Chain Reduction Preserves the Unrooted Subtree Prune-and-Regraft Distance

Research paper by Chris Whidden, Frederick A. Matsen

Indexed on: 07 Nov '16Published on: 07 Nov '16Published in: arXiv - Computer Science - Discrete Mathematics


The subtree prune-and-regraft (SPR) distance metric is a fundamental way of comparing evolutionary trees.

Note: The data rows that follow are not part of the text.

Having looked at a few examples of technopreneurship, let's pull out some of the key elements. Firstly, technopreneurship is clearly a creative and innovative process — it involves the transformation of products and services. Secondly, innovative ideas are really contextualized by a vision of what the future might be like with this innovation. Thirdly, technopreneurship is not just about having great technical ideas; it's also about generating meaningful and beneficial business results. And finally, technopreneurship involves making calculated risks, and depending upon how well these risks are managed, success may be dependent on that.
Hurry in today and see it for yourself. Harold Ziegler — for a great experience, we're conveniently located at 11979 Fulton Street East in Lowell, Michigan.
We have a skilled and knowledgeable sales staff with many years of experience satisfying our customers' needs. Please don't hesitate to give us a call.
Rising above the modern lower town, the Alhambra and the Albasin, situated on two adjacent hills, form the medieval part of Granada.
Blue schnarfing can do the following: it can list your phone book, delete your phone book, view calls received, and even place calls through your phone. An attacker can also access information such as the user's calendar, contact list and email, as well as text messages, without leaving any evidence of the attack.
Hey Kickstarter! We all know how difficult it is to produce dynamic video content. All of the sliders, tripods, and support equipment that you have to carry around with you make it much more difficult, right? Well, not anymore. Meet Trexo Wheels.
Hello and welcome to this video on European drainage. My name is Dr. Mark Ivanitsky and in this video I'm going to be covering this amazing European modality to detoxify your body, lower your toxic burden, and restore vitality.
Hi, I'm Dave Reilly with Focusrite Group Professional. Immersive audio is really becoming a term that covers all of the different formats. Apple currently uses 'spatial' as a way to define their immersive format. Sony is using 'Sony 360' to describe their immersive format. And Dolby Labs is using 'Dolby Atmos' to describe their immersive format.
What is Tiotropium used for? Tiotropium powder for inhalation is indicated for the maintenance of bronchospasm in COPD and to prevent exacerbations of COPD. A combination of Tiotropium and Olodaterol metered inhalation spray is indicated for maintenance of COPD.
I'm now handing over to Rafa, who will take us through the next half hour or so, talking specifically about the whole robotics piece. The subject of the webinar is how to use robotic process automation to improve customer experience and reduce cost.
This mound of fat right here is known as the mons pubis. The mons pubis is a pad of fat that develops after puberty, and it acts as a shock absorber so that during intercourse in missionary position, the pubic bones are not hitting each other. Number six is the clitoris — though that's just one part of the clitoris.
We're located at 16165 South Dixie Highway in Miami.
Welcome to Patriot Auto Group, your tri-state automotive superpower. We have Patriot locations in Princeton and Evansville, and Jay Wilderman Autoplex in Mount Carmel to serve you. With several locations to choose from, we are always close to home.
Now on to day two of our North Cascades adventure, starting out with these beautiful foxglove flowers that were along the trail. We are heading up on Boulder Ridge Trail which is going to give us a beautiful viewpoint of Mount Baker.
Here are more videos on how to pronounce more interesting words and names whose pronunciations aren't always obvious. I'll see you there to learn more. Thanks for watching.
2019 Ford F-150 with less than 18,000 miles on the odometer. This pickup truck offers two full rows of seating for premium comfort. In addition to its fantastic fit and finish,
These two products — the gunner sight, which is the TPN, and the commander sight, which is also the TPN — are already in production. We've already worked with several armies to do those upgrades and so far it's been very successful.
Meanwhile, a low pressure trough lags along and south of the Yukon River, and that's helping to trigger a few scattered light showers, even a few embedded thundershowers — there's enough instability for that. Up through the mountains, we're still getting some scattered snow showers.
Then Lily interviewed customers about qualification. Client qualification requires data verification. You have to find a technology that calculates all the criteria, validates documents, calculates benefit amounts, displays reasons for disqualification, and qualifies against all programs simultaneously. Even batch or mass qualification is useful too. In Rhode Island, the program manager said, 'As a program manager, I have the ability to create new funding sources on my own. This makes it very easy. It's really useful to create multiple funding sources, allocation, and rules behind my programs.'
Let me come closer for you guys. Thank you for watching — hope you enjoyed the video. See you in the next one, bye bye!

It has wide-ranging applications, such as to study lateral genetic transfer, viral recombination, and Markov chain Monte Carlo phylogenetic inference. Although the rooted version of SPR distance can be com puted relatively efficiently between rooted trees using fixed-parameter-tractable algorithms, in the unrooted case previous algorithms are unable to compute distances larger than 7. One important tool for efficient computation in the rooted case is called chain reduction, which replaces an arbitrary chain of subtrees identical in both trees with a chain of three leaves. Whether chain reduction preserves SPR distance in the unrooted case has remained an open question since it was conjectured in 2001 by Allen and Steel, and was presented as a challenge question at the 2007 Isaac Newton Institute for Mathematical Sciences program on phylogenetics. In this paper we prove that chain reduction preserves the unrooted SPR distance. We do so by introducing a structure called a socket agreement forest that restricts edge modification to predetermined socket vertices, permitting detailed analysis and modification of SPR move sequences. This new chain reduction theorem reduces the unrooted distance problem to a linear size problem kernel, substantially improving on the previous best quadratic size kernel.